La disparition de Judy ne fût pas remarquée avant le lendemain alors que le soleil était déjà haut dans le ciel, son père fût le premier à s'en rendre compte. Il n'avait pas cherché à la réveiller pour la laisser se reposer après la fête, même lui avait dormi plus longtemps pour une fois, alors il pouvait bien accorder une grasse- matinée à sa fille. Mais en allant finalement la chercher pour le déjeuner, il ne découvrit qu'une chambre vide, une fenêtre ouverte et une corde qui pendait à celle-ci, attachée à un pied du lit.
Le premier réflexe du général fût de se frotter les yeux, croyant à une hallucination, sauf que la corde était toujours là, ainsi que le désordre de la chambre qu'il n'avait pas encore remarqué. La panique le gagna en quelques secondes et il se précipita à la fenêtre, même s'il savait qu'il y avait peu de chances qu'il puisse voir une trace de sa fille. Mais un doute lui subsistait toujours, le faisant courir aux écuries pour découvrir que Tempête était bien là, trépignant et piaffant dans son box.
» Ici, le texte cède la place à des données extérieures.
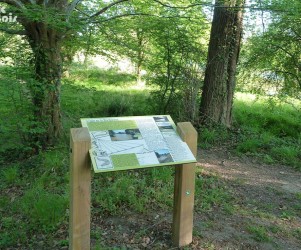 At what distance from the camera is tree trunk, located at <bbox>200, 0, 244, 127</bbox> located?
25.3 feet

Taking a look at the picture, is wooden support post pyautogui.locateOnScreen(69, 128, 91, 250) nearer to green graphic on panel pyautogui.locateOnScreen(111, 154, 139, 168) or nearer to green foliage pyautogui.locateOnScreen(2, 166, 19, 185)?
green graphic on panel pyautogui.locateOnScreen(111, 154, 139, 168)

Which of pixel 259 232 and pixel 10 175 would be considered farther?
pixel 10 175

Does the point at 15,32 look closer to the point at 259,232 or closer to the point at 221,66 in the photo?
the point at 221,66

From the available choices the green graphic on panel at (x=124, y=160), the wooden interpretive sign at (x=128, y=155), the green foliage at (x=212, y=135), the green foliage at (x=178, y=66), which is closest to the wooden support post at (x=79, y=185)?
the wooden interpretive sign at (x=128, y=155)

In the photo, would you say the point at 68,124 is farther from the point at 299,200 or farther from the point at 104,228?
the point at 299,200

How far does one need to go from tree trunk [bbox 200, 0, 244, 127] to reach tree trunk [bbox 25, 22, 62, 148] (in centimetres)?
341

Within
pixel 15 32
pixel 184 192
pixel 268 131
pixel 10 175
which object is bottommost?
pixel 10 175

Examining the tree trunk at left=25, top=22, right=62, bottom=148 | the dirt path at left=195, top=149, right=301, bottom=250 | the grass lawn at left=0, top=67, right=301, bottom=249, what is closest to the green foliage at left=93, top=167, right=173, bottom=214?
the grass lawn at left=0, top=67, right=301, bottom=249

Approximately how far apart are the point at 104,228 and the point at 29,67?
11.4 ft

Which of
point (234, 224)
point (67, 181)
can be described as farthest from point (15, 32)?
point (234, 224)

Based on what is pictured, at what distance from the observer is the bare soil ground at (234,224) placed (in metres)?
3.48

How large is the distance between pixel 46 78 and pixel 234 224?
4.15 metres

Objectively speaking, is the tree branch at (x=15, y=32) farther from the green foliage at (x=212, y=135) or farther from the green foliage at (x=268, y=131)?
the green foliage at (x=268, y=131)

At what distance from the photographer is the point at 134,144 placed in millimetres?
2992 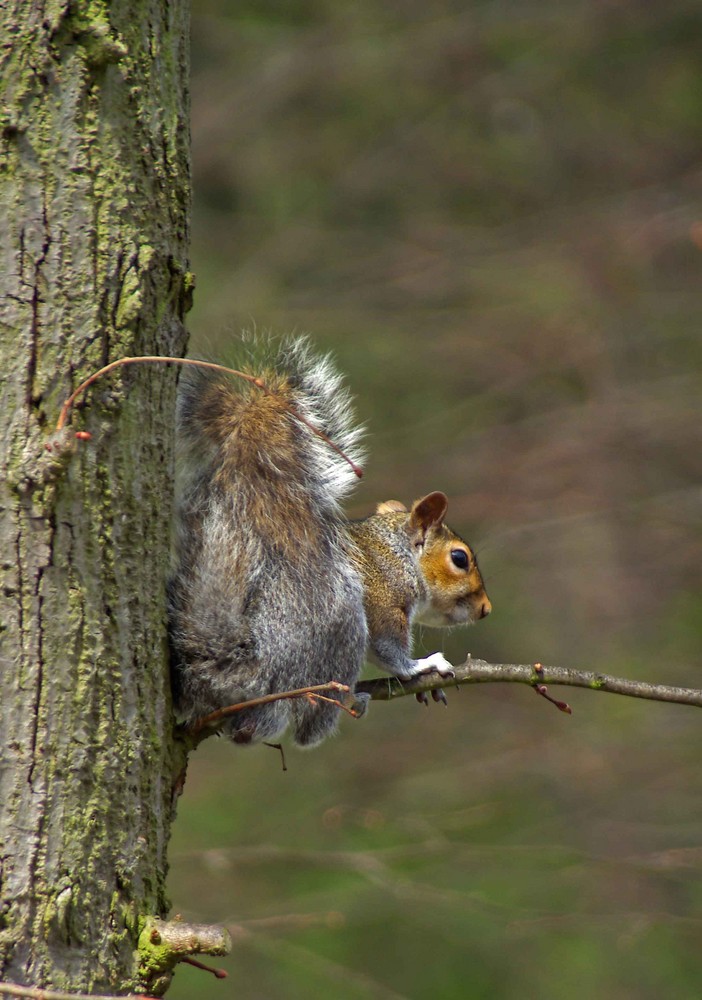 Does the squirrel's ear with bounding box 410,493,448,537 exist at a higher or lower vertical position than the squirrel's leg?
higher

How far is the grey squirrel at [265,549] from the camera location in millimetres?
1848

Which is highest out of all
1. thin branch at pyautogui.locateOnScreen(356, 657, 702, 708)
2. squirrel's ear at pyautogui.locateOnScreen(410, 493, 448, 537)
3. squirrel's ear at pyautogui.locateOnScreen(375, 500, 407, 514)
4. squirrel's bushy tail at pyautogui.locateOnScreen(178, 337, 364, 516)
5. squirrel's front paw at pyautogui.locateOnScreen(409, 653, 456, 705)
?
squirrel's ear at pyautogui.locateOnScreen(375, 500, 407, 514)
L'horreur de cette découverte le frappa de plein fouet pour de bonnes raisons. Judy ne sortait jamais du fort sans Tempête, absolument jamais, même lors de sa dernière fugue elle était partie avec lui. Sauf si elle avait l'intention de ne pas être retrouvée, de ne pas être reconnue à cause de sa monture ; mais être sans monture était dangereux dans les environs du fort.
Seuls les hennissements et les piaffements de Tempête parvinrent à le faire sortir de ses sombres pensées, le ramenant en même temps à une réalité qui n'était guère mieux que ses pensées. Sa fille avait disparu, elle n'était même pas partie avec celui qu'elle considérait comme son seul et meilleur ami, qui était aussi un souvenir de sa mère. Ça ne lui ressemblait pas, toute cette situation n'avait aucun sens. Elle avait certainement encore fugué, c'était la seule solution, et elle devait être auprès des indiens, en bonne santé et en sécurité.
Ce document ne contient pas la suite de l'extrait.